About 12:30am Peterson called downstairs and spoke with Russell Jones, who had taken Rich’s place at the front desk. Peterson told Jones that he had hit his wife and wasn’t able to wake her. He asked Jones to come to his room to check on her.
Jones went to room 305 where the couple lived and saw Rosalie Hornsby lying on the bed with the covers pulled up to her chin. He said that he did not enter the room or look around it. He did not try to talk with Hornsby, but said she appeared to be alive and sleeping and he thought she was probably drunk.
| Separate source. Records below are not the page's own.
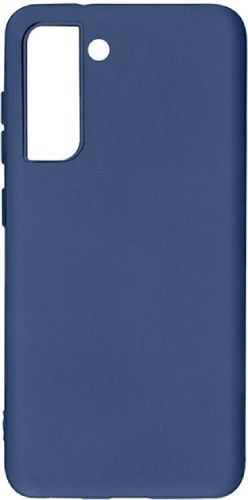 Чохол для смартфону Armorstandart Icon Case for Samsung S21 FE 5G (G990) Dark Blue (ARM67948) - Фото 1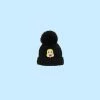 CFC CF MASCOTTE BEANIE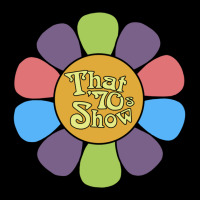 That 70s Show Flower Zipper Hoodie | Artistshot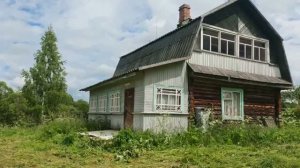 100 соток Ерда Иккита Уй 300.000р., ёки 4.000$, Қудуқ, Кўл, Яйлов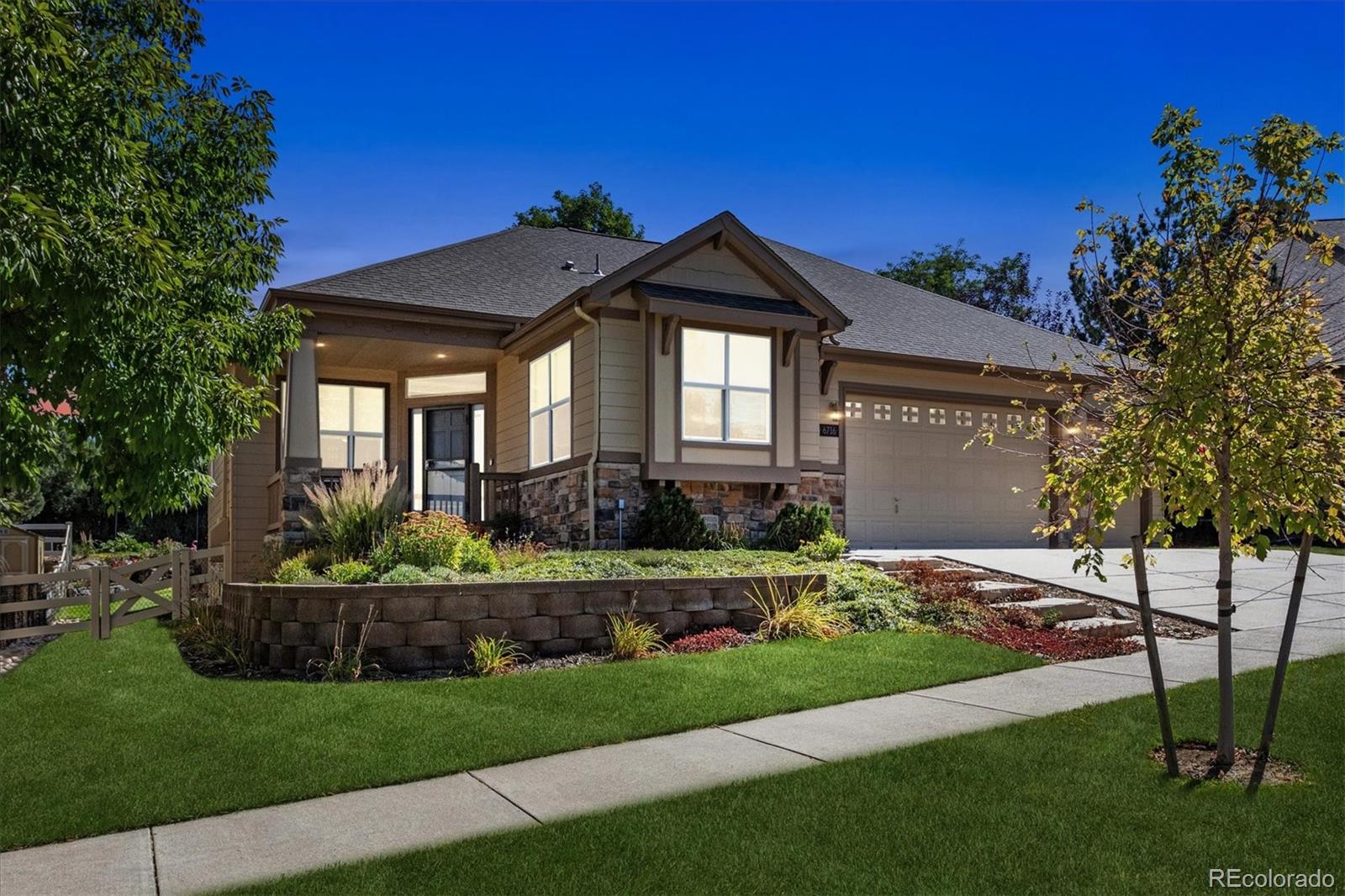 CMA Image for 6719  taft court,Arvada, Colorado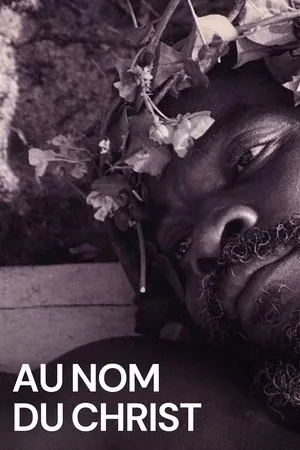 Постер к фильму Au nom du Christ (1993)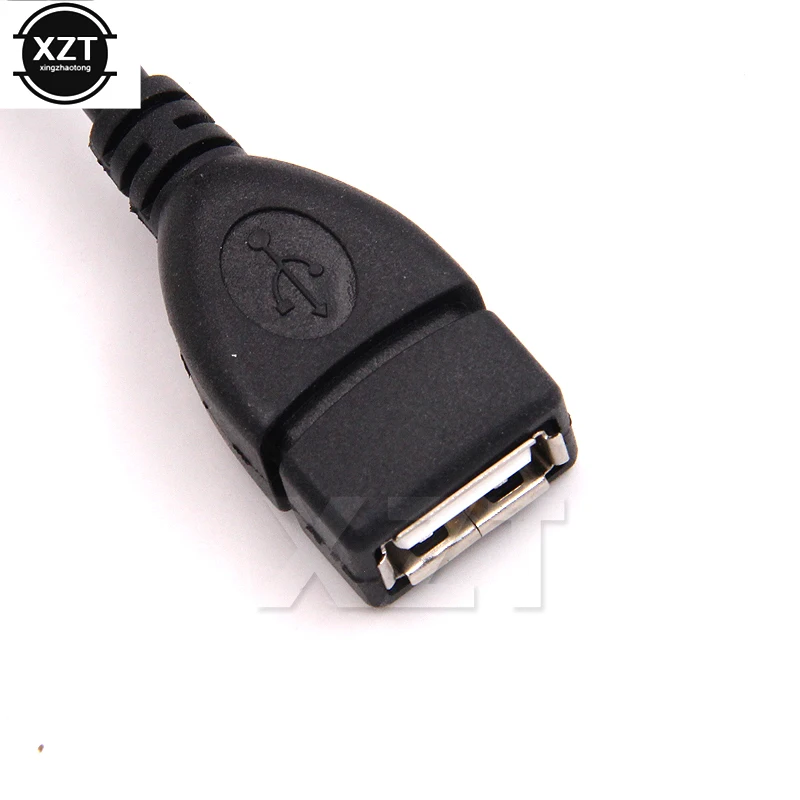 Новейший удлинитель с углом 90 градусов около 26 см USB 2 0 A штекер-гнездо usb правый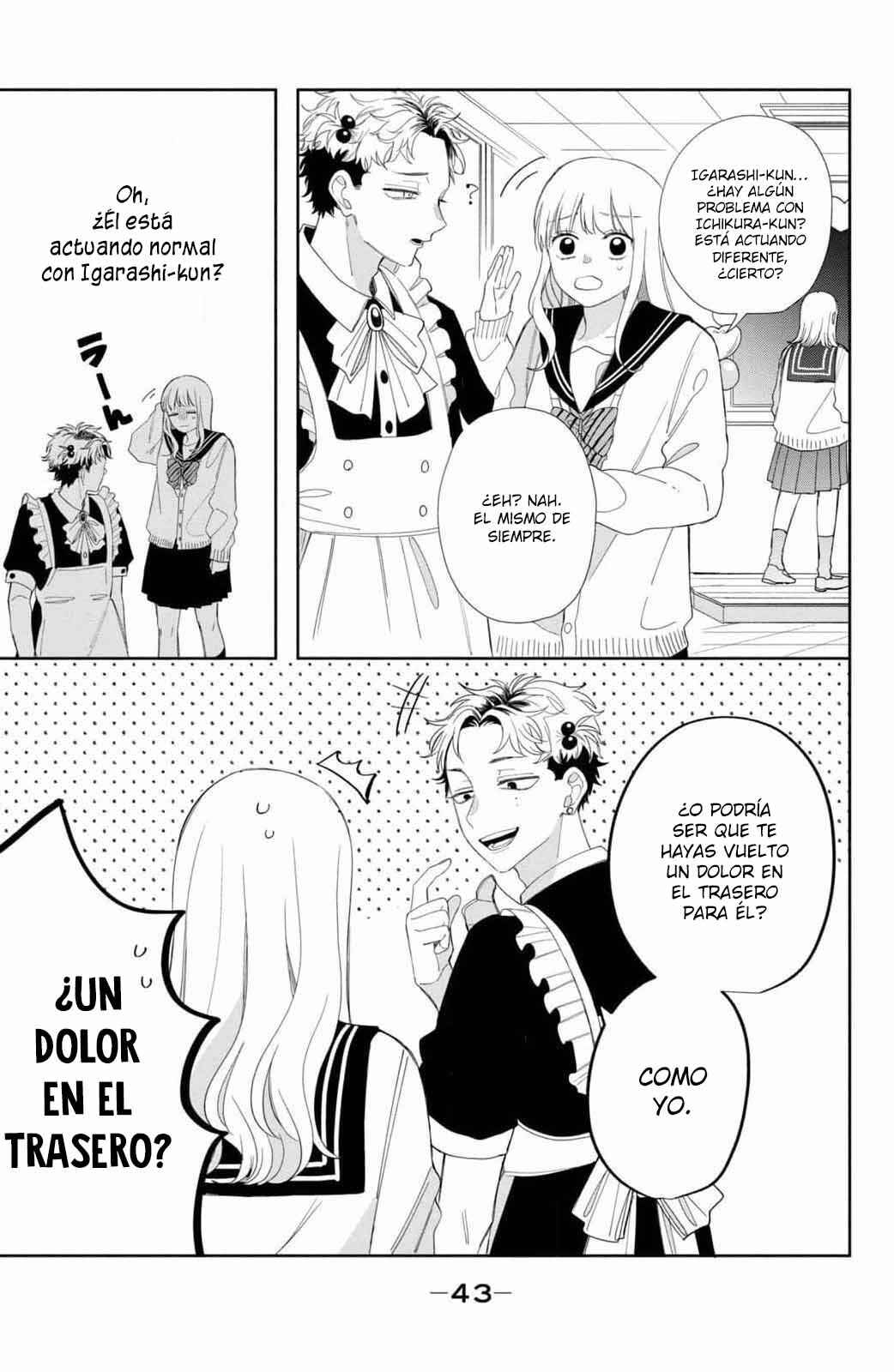 Chapter 21 - Page 42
Jones did not call the police. Peterson stayed in his room for about an hour making phone calls and left the building at about 1:30am. He told Rich he was going to get a car to take his wife to the hospital. Peterson did not return and Rich forgot about the woman dying upstairs.
About 2:55 am, Johnny Lewis, occupant of another room on the third floor called the police. He said he had been walking past room 305 and noticed that the door was open. He looked in and saw Rosalie Hornsby naked on the bed and she had apparently been beaten.
When police arrived they found that blood was splattered all over the walls, floor and furniture in room 305. Rosalie Hornsby died the next day at Multnomah County Hospital. John Peterson turned himself in to Police later that day and was charged with first degree murder.